Lines below containing the word "Martin" should be copied out.

** Data for this task **
● ● ● ● ● ● ●
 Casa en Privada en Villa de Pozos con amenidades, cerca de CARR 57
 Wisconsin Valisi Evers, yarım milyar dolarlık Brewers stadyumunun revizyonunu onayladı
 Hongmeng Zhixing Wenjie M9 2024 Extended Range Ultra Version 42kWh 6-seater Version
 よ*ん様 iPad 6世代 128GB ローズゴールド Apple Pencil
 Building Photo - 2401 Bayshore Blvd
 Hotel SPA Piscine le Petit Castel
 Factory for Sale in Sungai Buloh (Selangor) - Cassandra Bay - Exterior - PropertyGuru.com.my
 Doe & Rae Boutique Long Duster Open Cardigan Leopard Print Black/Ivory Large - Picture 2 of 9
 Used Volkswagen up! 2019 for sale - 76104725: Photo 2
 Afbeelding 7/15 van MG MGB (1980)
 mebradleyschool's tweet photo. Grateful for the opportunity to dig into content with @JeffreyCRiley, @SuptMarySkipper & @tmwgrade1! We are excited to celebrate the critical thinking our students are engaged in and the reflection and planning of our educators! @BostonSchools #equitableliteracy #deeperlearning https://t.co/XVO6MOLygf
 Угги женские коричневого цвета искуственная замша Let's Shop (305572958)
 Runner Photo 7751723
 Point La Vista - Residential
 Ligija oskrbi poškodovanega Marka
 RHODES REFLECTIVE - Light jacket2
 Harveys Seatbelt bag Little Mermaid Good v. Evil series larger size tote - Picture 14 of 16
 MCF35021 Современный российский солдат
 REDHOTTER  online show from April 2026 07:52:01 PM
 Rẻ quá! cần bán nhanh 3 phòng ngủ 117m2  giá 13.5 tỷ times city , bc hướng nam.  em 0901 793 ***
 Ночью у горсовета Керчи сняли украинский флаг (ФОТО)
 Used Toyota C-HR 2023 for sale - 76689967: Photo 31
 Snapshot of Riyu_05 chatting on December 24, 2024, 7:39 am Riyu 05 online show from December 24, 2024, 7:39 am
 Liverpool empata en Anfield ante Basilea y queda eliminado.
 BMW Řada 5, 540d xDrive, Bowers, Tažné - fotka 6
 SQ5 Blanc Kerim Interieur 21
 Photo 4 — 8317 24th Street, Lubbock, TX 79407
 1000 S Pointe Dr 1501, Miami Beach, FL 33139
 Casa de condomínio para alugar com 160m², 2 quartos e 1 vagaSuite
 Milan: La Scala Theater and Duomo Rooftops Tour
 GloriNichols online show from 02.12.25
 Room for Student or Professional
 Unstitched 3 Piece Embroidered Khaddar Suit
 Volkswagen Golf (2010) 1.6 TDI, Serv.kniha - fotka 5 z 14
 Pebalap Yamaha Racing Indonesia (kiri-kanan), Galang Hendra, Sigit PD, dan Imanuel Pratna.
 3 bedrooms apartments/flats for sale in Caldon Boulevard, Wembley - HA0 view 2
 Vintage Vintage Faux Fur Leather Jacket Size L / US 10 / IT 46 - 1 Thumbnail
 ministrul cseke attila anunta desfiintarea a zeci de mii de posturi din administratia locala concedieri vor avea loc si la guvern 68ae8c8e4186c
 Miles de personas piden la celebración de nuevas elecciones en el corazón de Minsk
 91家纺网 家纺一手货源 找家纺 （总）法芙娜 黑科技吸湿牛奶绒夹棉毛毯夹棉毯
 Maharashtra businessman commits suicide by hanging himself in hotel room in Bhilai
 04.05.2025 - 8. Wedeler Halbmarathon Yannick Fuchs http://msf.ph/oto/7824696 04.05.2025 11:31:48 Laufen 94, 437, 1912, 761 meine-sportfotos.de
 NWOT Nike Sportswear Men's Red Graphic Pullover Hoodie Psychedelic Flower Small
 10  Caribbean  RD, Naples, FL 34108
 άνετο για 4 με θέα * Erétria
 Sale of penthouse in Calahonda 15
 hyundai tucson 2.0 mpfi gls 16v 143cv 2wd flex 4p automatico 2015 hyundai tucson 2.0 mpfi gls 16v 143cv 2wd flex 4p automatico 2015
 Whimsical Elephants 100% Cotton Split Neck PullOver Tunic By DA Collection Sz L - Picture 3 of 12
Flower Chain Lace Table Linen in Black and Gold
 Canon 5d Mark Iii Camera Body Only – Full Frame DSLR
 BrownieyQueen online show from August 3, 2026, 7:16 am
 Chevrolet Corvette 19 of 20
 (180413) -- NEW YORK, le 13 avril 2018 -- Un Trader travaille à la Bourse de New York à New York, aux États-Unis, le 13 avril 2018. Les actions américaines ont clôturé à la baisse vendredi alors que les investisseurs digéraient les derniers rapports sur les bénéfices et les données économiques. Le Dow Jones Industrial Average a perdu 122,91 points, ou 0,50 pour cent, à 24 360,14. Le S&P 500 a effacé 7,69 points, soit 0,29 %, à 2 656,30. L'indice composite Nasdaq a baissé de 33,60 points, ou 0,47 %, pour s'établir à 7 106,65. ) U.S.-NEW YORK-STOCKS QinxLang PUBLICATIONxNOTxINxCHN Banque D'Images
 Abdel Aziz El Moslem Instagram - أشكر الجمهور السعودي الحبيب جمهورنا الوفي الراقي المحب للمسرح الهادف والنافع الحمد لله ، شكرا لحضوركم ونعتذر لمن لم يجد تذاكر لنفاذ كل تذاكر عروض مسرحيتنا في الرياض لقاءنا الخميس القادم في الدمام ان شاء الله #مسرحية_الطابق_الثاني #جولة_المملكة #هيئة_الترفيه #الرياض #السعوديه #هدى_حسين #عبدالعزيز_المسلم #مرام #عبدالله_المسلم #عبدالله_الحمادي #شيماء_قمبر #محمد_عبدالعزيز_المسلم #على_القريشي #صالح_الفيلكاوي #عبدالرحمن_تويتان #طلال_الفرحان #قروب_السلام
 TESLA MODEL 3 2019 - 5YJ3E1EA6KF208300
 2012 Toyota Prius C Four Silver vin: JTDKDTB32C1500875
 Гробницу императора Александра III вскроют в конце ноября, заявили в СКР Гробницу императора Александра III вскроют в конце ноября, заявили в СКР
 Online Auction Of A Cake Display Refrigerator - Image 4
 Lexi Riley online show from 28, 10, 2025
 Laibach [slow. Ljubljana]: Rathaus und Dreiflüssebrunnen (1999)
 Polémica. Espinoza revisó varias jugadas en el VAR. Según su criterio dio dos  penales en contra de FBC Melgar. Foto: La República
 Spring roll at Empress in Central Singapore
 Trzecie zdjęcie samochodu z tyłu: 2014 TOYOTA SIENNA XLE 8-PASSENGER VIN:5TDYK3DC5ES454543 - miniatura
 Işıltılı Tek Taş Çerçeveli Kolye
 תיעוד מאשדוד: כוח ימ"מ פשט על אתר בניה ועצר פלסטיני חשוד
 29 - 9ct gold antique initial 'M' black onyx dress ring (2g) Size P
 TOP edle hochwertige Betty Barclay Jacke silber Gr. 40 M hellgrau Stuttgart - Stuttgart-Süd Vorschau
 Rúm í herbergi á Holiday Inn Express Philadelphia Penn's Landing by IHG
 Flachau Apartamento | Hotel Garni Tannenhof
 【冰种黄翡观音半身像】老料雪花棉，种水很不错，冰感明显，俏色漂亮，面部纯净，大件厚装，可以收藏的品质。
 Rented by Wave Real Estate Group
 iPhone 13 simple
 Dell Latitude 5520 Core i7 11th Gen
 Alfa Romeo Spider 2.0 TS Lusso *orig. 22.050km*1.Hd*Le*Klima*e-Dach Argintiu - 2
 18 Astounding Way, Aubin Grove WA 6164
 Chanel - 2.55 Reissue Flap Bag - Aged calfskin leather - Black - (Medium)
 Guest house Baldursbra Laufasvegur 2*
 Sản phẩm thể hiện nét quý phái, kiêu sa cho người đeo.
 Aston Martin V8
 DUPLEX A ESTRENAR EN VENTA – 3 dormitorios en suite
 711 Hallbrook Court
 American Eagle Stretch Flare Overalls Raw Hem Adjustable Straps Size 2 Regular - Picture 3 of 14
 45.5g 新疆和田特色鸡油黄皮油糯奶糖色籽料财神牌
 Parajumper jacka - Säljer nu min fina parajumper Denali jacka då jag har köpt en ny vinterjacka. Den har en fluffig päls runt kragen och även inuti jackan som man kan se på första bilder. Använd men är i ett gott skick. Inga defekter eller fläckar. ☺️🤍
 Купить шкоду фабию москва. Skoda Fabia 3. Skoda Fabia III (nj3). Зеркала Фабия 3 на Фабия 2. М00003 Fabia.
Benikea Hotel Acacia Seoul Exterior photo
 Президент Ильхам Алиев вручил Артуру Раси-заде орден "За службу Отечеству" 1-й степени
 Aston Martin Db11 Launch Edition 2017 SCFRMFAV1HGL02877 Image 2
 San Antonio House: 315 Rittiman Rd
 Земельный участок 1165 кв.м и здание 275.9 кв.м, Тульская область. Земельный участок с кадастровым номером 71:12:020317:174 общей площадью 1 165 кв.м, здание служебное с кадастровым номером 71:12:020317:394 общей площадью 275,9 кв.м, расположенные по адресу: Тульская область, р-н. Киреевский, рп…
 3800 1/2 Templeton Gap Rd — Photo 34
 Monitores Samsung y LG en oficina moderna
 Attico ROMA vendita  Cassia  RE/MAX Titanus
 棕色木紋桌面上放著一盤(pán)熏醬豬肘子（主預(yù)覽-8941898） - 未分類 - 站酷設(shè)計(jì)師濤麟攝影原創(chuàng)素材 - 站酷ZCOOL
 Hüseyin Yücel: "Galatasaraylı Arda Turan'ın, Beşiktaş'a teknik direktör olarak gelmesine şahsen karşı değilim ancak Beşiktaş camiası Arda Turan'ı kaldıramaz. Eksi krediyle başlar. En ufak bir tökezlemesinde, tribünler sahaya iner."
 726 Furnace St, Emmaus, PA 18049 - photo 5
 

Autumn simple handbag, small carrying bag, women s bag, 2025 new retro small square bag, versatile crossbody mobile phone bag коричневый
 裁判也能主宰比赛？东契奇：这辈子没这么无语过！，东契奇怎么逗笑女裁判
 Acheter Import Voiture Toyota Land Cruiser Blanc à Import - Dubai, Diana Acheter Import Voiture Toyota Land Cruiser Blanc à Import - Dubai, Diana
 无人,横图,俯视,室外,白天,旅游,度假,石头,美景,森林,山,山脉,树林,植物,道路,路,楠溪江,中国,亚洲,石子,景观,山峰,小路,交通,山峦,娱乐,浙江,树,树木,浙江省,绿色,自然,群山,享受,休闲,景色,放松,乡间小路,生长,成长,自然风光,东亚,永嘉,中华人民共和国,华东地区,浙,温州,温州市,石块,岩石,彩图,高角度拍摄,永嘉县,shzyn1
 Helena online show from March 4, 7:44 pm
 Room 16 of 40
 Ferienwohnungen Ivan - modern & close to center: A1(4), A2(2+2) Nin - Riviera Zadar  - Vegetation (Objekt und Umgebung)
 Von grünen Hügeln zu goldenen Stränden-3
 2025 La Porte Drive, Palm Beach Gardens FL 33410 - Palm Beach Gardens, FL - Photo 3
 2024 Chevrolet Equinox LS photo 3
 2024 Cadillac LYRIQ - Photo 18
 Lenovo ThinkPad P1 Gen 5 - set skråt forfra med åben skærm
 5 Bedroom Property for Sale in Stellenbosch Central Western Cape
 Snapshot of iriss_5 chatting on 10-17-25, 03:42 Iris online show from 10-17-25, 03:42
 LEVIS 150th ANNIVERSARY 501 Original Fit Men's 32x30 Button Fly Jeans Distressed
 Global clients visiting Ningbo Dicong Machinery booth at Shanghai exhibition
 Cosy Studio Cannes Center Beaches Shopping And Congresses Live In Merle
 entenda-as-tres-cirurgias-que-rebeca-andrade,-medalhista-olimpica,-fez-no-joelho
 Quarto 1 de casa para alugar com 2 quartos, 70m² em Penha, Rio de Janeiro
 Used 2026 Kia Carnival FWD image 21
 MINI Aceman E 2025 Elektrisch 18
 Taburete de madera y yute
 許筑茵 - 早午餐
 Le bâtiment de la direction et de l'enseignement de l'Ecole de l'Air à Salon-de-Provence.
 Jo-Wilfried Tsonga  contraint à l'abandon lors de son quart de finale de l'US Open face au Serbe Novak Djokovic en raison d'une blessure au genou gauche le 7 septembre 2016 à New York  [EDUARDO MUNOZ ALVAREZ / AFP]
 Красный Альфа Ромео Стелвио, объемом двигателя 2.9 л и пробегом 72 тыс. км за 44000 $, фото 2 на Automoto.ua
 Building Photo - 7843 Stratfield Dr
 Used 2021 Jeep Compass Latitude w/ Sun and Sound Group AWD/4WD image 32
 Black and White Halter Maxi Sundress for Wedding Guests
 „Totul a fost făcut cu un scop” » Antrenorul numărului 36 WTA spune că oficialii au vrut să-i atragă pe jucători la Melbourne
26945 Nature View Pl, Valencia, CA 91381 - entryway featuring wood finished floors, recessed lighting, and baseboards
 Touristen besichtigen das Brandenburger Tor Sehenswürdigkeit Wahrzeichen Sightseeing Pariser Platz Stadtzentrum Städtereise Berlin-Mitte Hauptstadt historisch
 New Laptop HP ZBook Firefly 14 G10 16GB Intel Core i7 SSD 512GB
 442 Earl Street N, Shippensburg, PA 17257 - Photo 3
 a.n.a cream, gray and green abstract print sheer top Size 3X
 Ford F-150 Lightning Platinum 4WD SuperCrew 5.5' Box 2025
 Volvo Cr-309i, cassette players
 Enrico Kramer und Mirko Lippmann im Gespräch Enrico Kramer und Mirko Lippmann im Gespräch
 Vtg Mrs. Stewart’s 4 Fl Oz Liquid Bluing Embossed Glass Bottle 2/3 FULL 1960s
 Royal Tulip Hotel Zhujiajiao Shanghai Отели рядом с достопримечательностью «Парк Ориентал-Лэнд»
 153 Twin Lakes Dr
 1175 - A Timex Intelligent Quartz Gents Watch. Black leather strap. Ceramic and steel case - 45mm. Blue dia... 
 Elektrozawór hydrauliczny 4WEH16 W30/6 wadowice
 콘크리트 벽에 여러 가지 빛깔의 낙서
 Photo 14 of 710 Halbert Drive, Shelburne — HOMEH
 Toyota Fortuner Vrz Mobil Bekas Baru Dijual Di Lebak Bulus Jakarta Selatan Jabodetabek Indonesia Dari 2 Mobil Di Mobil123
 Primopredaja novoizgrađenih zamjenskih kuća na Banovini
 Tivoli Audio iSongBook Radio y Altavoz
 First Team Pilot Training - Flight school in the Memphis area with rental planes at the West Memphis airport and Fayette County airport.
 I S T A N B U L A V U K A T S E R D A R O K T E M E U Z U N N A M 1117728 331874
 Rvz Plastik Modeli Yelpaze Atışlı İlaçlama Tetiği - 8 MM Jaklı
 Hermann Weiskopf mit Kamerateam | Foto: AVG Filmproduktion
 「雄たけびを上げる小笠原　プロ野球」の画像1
● ● ● ● ● ● ●
** Response below **
 Aston Martin V8
 Aston Martin Db11 Launch Edition 2017 SCFRMFAV1HGL02877 Image 2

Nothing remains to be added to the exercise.